[Saved data entries]
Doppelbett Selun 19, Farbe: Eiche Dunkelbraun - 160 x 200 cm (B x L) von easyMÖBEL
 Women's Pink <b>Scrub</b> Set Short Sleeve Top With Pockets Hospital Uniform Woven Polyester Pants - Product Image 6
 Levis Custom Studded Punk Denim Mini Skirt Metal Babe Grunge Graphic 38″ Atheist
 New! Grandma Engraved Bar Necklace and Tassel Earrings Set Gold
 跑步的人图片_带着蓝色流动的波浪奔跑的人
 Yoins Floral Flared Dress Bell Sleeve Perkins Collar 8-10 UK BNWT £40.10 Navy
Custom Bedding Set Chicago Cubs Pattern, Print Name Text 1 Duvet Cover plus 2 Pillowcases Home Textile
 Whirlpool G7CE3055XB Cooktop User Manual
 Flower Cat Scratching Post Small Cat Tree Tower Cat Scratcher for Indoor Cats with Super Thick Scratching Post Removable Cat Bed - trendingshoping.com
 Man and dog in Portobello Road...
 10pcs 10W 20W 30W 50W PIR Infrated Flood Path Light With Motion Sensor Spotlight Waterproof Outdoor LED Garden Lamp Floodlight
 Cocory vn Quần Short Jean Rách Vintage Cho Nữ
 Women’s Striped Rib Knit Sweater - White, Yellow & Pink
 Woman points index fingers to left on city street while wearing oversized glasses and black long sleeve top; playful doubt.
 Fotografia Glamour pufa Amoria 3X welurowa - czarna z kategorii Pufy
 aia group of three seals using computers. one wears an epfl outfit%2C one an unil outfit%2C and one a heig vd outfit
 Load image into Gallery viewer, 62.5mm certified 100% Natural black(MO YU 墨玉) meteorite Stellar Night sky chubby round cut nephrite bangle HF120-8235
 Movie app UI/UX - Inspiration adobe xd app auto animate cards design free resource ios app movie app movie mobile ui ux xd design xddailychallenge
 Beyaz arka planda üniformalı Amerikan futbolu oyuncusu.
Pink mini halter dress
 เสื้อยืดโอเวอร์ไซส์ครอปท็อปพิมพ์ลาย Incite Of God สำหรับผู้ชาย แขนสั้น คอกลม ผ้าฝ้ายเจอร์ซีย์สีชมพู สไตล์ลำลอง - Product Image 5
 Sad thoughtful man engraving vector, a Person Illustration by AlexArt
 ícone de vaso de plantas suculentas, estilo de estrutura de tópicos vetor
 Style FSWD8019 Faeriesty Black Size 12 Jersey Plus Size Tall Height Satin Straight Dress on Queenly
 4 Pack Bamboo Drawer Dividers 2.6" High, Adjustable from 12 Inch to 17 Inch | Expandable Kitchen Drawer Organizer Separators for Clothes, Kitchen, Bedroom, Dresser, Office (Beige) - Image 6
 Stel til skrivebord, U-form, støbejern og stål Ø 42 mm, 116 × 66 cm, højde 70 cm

[Exercise requirements]:
Check every line above for the string "Product" and state how many have it, with no other words.

[Response to this exercise]:
2